• _PROVIDED ENTRIES_:
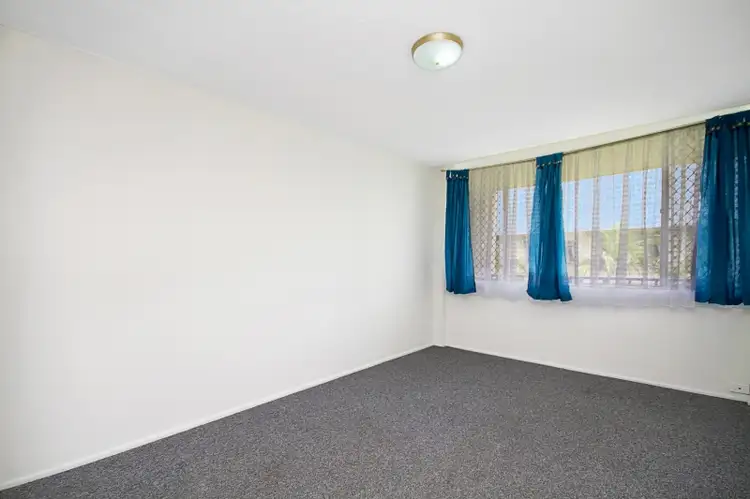Fifth view of Homely unit listing, 1/30 Lanham Street 'New Galaxy', Coolangatta QLD 4225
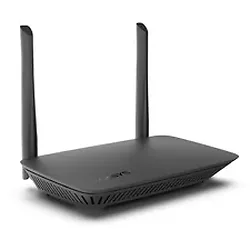 Linksys-E5400-ME
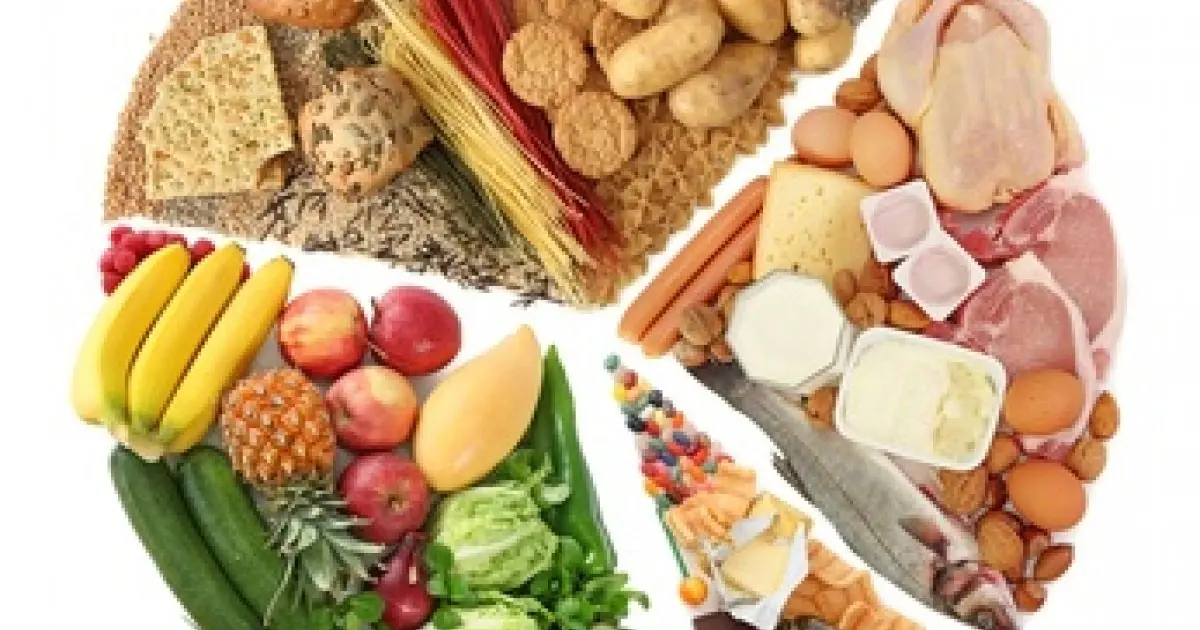 De multiples artisans vous offrent leurs produits pour une alimentation variée et gourmande !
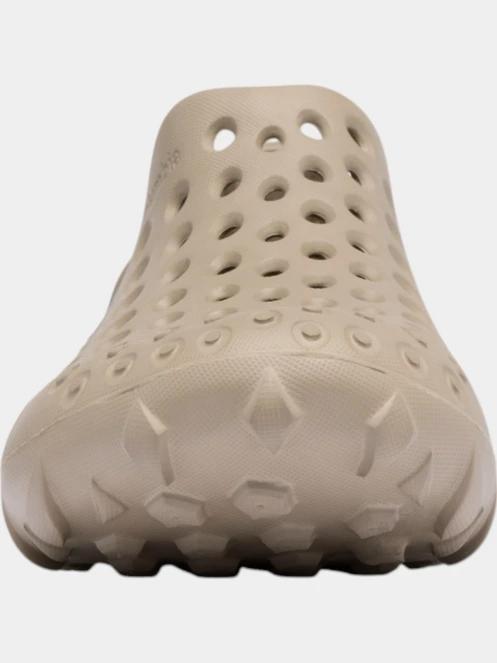 papuci tip clog pt. barbati Columbia CREEKSIDER nisip 5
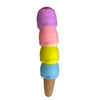 Jumbo Squeeze Is (30 cm)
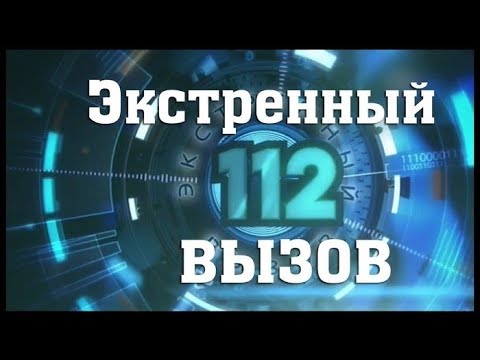 Писательница Улицкая рассказала об отсталости и агрессии россиян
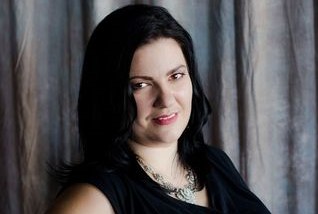 "Этот волшебный день": самарский нумеролог рассказала о полной зеркальной дате 22.02.2022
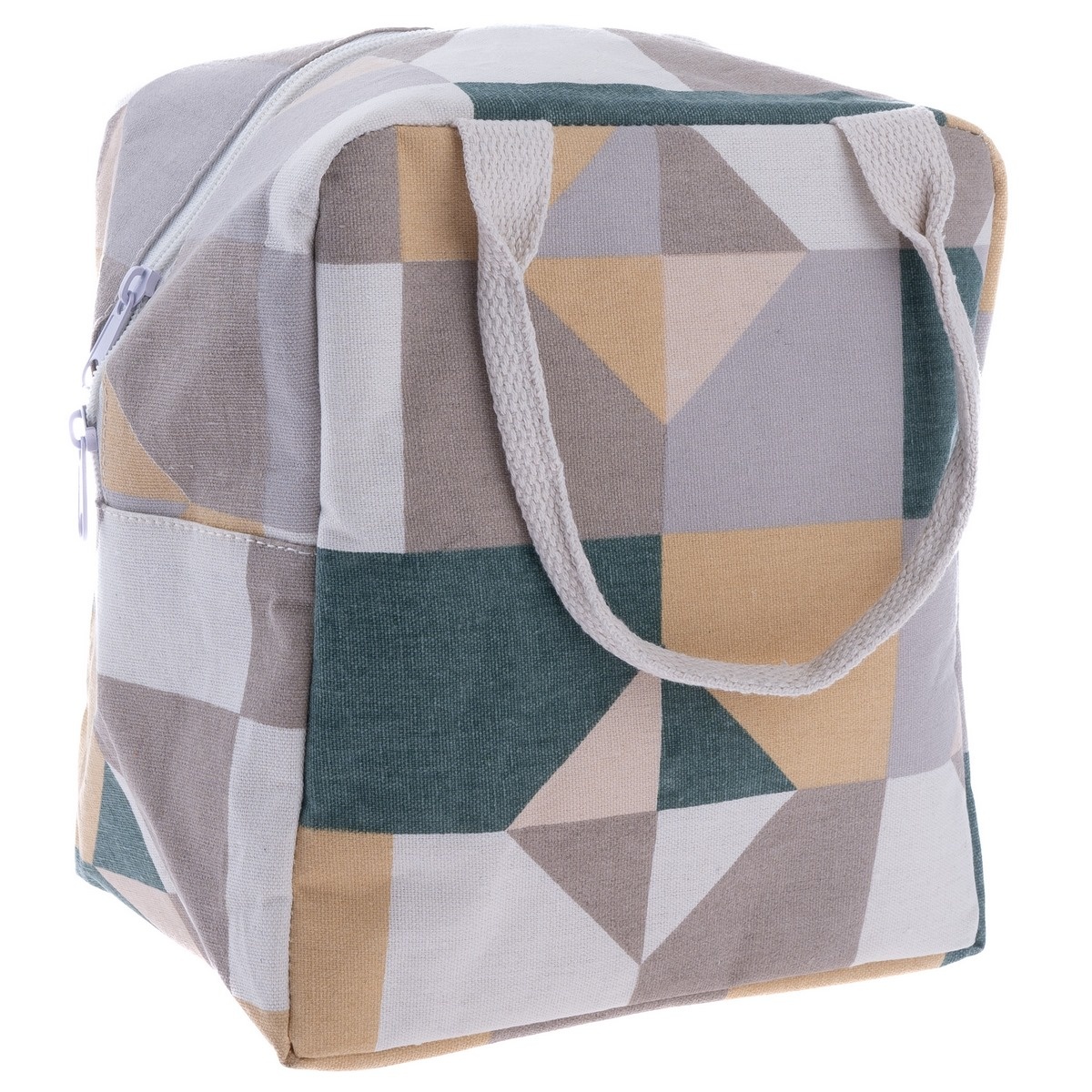 Textilná termotaška Textilná termotaška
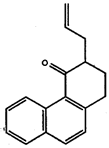 Molecule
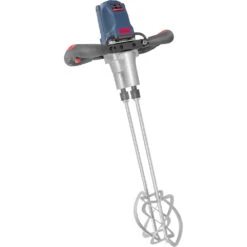 Güde® Rührwerk GRW1800-2TWIN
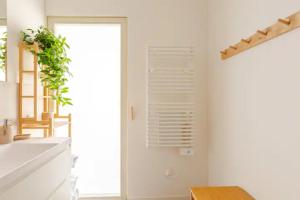 Ảnh trong thư viện ảnh của Gite See You Soon - Maison de ville Roots ở Sélestat +52 ảnh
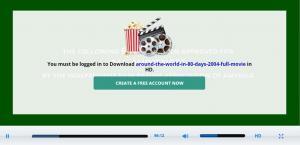 Free Movies Download 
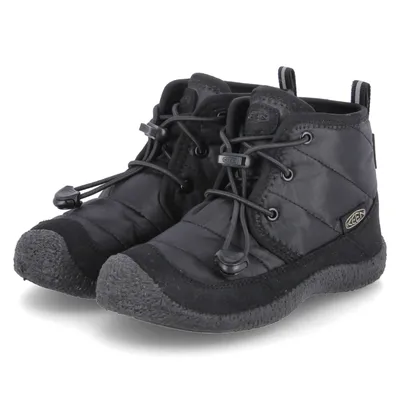 Produktbild von Stiefeletten Größe: 30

• _DIRECTIONS FOR THIS TASK_: Exact copy, pictures excluded: every line above from the one containing "зеркальной дате 22.02.2022" to the one containing "Free Movies Download", inclusive, and nothing more.

• _ANSWER AREA_:
 "Этот волшебный день": самарский нумеролог рассказала о полной зеркальной дате 22.02.2022
 Textilná termotaška Textilná termotaška
 Molecule
 Güde® Rührwerk GRW1800-2TWIN
 Ảnh trong thư viện ảnh của Gite See You Soon - Maison de ville Roots ở Sélestat +52 ảnh
 Free Movies Download 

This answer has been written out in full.